Quebec’s energy mix is roughly 53 percent fossil fuels and 47 percent renewables. In relative terms this compares favorably with much of the world. In absolute terms the comparison is less flattering.
Quebec, because of its high per capita energy consumption, emits large quantities of GHGs. Quebec wants to change this and in doing so ground its energy policy on the twin principles of energy efficiency and clean energy.
At a time of large hydro-electrical electricity surpluses, Quebec wants its population and industry to invest in energy efficiency and reduce consumption. This is easier said than done.
Quebec does not have a culture of energy conservation or of sacrifice when it comes to energy. In fact, per capita oil consumption in Quebec is currently growing at a faster pace than the population, notwithstanding continuous improvements in automobile fuel efficiency.

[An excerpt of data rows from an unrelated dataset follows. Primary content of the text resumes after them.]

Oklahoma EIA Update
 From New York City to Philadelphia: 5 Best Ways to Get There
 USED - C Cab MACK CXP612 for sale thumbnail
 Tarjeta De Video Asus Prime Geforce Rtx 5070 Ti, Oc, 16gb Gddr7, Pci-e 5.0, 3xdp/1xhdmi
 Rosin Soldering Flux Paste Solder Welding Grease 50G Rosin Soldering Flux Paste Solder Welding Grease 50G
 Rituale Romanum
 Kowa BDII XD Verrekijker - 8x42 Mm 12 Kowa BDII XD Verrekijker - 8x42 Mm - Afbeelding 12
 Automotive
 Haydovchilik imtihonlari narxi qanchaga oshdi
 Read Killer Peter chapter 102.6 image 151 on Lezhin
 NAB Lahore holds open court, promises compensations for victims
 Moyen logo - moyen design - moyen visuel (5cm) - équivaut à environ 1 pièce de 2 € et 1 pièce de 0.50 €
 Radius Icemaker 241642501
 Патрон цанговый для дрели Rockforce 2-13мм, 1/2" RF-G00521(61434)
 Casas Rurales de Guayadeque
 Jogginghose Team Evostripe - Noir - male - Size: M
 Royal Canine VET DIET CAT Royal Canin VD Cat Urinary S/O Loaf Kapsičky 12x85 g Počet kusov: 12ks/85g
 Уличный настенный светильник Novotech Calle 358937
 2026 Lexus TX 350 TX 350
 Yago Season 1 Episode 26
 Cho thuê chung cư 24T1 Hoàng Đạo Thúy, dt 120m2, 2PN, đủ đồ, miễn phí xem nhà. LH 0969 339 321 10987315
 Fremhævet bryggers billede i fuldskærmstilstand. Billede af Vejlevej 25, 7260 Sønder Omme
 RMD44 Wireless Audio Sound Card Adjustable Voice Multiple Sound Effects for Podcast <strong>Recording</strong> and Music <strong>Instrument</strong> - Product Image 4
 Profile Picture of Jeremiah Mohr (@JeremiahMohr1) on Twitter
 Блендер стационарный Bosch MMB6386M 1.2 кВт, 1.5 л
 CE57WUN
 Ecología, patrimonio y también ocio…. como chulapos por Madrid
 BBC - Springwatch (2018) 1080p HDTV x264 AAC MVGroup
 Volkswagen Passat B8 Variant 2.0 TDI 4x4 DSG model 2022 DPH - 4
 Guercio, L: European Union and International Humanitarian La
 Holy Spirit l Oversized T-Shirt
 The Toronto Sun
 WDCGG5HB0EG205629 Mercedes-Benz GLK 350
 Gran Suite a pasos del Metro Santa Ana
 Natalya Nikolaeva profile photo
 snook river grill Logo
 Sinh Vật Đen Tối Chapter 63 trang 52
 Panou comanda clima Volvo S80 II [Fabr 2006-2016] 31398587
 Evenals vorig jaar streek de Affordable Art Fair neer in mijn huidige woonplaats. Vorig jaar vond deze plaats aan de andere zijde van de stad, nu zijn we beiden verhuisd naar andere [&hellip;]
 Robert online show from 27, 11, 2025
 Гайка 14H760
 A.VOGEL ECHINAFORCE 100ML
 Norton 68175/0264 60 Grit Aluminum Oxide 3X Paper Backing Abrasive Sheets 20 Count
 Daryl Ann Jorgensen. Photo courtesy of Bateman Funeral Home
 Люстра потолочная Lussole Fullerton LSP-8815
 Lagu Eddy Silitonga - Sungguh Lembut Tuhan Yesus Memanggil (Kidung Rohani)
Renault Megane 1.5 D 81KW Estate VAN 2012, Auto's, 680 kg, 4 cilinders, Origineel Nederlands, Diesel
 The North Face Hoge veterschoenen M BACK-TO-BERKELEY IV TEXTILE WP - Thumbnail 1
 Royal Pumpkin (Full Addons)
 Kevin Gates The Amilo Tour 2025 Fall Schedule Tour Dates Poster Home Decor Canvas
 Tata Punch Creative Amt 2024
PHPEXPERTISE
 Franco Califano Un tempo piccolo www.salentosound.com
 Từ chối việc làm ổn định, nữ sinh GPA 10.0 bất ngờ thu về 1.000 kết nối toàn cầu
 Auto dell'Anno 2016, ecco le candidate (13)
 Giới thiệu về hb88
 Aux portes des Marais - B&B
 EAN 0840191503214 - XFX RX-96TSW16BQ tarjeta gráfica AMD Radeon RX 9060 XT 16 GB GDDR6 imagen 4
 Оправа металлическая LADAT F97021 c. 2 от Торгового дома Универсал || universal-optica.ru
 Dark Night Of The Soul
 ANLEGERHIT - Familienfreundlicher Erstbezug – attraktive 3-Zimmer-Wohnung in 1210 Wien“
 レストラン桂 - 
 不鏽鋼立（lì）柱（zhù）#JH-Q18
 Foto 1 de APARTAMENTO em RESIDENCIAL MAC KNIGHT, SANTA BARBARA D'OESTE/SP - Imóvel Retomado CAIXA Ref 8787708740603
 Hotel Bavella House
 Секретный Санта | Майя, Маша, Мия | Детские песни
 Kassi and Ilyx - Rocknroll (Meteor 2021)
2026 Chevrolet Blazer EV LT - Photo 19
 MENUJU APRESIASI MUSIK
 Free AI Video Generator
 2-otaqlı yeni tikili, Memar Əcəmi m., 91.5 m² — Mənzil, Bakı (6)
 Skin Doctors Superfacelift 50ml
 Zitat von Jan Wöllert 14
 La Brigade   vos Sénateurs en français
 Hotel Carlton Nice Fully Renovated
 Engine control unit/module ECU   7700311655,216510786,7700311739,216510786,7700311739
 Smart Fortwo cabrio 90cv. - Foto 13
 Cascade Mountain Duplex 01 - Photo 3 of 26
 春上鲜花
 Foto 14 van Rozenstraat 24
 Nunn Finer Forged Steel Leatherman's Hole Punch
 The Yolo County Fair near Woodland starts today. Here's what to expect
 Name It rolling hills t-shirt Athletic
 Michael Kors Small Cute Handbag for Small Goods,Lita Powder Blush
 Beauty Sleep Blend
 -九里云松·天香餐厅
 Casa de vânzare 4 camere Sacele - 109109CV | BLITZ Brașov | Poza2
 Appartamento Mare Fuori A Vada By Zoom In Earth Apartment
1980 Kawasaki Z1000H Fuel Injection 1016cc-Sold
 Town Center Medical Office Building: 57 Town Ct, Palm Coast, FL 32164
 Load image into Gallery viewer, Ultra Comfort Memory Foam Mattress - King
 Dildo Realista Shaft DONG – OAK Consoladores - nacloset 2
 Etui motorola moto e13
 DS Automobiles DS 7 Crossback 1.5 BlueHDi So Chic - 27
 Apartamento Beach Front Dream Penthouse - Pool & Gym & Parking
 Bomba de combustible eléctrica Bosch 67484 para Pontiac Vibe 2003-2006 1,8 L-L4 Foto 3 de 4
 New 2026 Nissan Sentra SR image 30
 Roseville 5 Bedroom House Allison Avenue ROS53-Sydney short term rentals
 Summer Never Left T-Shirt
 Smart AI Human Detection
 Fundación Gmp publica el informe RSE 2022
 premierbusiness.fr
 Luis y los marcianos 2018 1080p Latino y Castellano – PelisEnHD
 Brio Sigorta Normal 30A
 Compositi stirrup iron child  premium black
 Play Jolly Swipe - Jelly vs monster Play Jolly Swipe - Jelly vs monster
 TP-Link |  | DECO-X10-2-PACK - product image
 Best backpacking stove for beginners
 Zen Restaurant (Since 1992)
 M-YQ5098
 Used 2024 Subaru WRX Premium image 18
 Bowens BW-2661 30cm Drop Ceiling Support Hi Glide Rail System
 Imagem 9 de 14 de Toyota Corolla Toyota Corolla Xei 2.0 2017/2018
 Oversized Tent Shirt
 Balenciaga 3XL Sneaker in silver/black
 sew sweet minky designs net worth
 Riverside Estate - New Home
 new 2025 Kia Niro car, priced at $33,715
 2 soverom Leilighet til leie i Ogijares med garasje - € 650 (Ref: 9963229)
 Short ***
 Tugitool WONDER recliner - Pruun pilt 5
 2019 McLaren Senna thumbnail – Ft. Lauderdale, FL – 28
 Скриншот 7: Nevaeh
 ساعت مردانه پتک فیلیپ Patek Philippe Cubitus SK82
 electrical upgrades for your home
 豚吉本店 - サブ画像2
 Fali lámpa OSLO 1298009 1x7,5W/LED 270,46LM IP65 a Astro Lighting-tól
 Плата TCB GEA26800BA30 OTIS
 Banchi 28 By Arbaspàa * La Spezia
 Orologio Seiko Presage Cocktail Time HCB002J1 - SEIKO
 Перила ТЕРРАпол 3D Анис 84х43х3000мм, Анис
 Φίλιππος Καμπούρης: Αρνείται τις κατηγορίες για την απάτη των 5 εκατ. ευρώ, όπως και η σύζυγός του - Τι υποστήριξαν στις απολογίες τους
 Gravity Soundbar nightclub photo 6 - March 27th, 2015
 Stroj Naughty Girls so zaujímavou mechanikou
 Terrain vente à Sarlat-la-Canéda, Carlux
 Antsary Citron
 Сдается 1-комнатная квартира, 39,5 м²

Quebec’s task is made all the more difficult because Hydro-Quebec, the state-owned electricity company with a virtual monopoly, cannot send price signals to consumers. Electricity prices in Quebec are low and the electorate views this state of affairs as an entitlement. Beware the politician who proposes steep increases!
Big Changes Coming?
Government is trying to get public buy-in for the following: (i) GHG reductions, (ii) the use of electricity surpluses to electrify public and private transportation (iii) energy efficiency in industry and commerce, (iv) the development of new renewable energy production methods, (v) the development of Quebec’s oil resources, (vi) greater development of knowledge industries”, and (vii) the adoption of an holistic approach to urban development.
This is a very ambitious agenda and one that, if adopted and implemented, will mean big changes for Quebec, including:
- The end of “Big-Hydro” construction as an economic development tool. This may explain in part why government is keen to resurrect Hydro-Quebec International so as to assist Quebec’s engineers and builders secure replacement markets.
- The end of cheap electricity as an inducement for foreign investors. Quebec has 9 of Canada’s 10 aluminum smelters and is the world’s fourth largest producer. Most of Quebec’s aluminum capacity was built in the 70 and 80s during another period of large electricity surpluses.
- The end of unbridled urban sprawl around Montreal and Quebec City. Interestingly, it is the Parti Quebecois in 1978 that adopted Quebec’s first law to protect agricultural lands and slow urban sprawl.
- The end of oil imports, including from the rest of Canada. This objective will not be reached for decades and is thus unlikely to affect current efforts to connect by pipeline Alberta with Quebec and New-Brunswick refineries.